| What you need to do |
Would you reproduce the whole listing exactly, minus its images?

___ Dataset excerpts ___

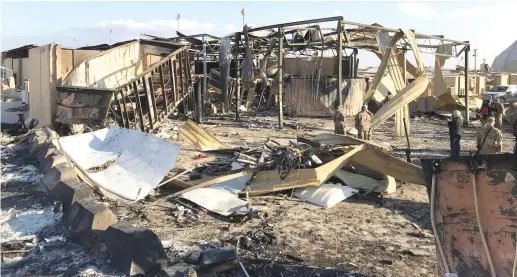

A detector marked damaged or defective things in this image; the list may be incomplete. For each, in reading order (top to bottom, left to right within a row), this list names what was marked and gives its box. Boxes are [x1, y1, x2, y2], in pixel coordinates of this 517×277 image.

damaged trailer unit [55, 39, 195, 133]
broken plywood sheet [59, 125, 180, 201]
broken plywood sheet [179, 120, 244, 152]
broken plywood sheet [245, 144, 362, 194]
broken plywood sheet [292, 182, 356, 208]
broken plywood sheet [348, 143, 426, 184]
orange rusted barrier [424, 154, 516, 274]
rusty metal container [424, 154, 516, 274]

___

| Output |
A detector marked damaged or defective things in this image; the list may be incomplete. For each, in reading order (top to bottom, left to right within a row), this list names what was marked and gives its box. Boxes are [x1, y1, x2, y2], in pixel coordinates of this 517×277 image.

damaged trailer unit [55, 39, 195, 133]
broken plywood sheet [59, 125, 180, 201]
broken plywood sheet [179, 120, 244, 152]
broken plywood sheet [245, 144, 362, 194]
broken plywood sheet [292, 182, 356, 208]
broken plywood sheet [348, 143, 426, 184]
orange rusted barrier [424, 154, 516, 274]
rusty metal container [424, 154, 516, 274]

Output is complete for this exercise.